In this was error. By charter the defendant's trustees are made commissioners of highways, and among other things are empowered to construct, repair or discontinue its streets and sidewalks, "and prevent the incumbering or obstructing the same in any manner." (Laws of 1864, chap. 257; Laws of 1871, chap. 140; Laws of 1875, chap. 287.) The order appealed from assumes that if the building of the walk had been a corporate act the defendant would have been liable. That is well settled. ( Conrad v. Trustees of Village of Ithaca, 16 N.Y. 158.) In such case it would be sufficient to show that the work was done by its authority. If the structure which caused the injury is erected on its land, or on premises which it controls, by permission of its officers, the same result must follow. An equal liability is incurred when by omission to repair or compel the removal of a walk constructed without their authority, but of the existence of which they have notice, a way dangerous for travel is allowed to stand within the limits of its streets. In such a case it is their duty to repair or remove it, and with money in hand or power to procure it, there is no ground for irresponsibility. One or the other of these things must be done. It is true that whether a municipal corporation shall build, or permit to be built, a sidewalk on any of its streets, is matter of discretion not to be regulated by the courts, yet when a sidewalk is built with or without its permission, it becomes responsible for its condition and bound so long as it exists to keep it in order. This duty is ministerial and not judicial. ( Hines v. City of Lockport, 50 N.Y. 239; Hyatt v. Village of Rondout, 44 Barb. 395; 41 N.Y. 619; Vogel v. Mayor, etc., 92 id. 10; 44 Am. Rep. 349.) In this case, therefore, it can make no difference how the walk came into existence, if the corporation, with notice, permitted it to be used for public travel. By the act of the builder, and acceptance or acquiescence in the building of it on the part of the defendant's officers, they had control over it, and it became the property of the village as completely as if it had been put in position by the village itself. The principle upon which the above cases were decided uphold this proposition, and the case of Requa v. City of Rochester ( 45 N.Y. 129; 6 Am. Rep. 52), to the same effect, is so like the case before us as to make it decisive in favor of the appellant.

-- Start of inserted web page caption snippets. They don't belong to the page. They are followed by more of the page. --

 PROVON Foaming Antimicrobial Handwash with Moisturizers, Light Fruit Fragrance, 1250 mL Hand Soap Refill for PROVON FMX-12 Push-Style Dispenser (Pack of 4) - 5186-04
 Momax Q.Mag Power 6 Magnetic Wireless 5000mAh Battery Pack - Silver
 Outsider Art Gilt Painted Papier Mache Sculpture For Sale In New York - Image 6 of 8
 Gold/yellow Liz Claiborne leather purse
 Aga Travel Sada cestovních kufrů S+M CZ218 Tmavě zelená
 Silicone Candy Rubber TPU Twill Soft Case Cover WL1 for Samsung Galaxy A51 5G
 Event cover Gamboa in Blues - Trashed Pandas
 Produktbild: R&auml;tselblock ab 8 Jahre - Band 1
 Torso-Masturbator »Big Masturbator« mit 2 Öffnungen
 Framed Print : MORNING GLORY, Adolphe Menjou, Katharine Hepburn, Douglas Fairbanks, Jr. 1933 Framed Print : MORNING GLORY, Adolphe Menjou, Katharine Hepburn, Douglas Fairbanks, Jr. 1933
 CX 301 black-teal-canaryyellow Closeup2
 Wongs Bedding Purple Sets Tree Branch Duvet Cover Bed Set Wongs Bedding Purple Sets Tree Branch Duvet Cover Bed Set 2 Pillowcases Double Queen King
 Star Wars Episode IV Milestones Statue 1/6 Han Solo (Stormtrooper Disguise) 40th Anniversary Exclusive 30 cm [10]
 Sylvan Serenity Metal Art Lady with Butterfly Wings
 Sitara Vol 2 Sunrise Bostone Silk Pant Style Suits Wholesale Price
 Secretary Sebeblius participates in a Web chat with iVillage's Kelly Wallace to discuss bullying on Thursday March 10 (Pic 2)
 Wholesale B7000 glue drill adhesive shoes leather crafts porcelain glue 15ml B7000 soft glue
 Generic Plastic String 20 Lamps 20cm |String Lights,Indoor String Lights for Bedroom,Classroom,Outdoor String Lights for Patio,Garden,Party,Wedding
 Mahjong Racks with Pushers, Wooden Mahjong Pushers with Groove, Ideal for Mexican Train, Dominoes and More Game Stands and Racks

That of Urquhart v. Ogdensburg ( 91 N.Y. 67; 43 Am. Rep. 655) is relied on by the respondent. There the sidewalk needed no repair and the complaint related to the plan of its construction. As that was within the judicial discretion of the defendant, negligence could not be predicated of it.
The learned counsel for the respondent also seeks to sustain the order of the General Term upon grounds not noticed by them, alleging that the evidence failed to disclose either defects in the walk or proper care on the part of the plaintiff in using the walk. It is a sufficient answer to these positions if there was evidence, which, in some reasonable aspect, might sustain the finding of the referee. In such a case it will not be reviewed by this court. An examination of the testimony shows that there is nothing obviously wrong in his conclusions and we find no reason for interfering with them. The merits were well considered, and the record discloses no legal error committed by the referee. His decision stands upon sound policy and is a proper recognition of the duty of public officers to have regard to the business intrusted to them, upon the performance of which the safety of the citizen depends.
The order of the General Term should, therefore, be reversed, and the judgment entered upon the report of the referee affirmed.
All concur, except RAPALLO and FINCH, JJ., not voting.
Order reversed and judgment affirmed.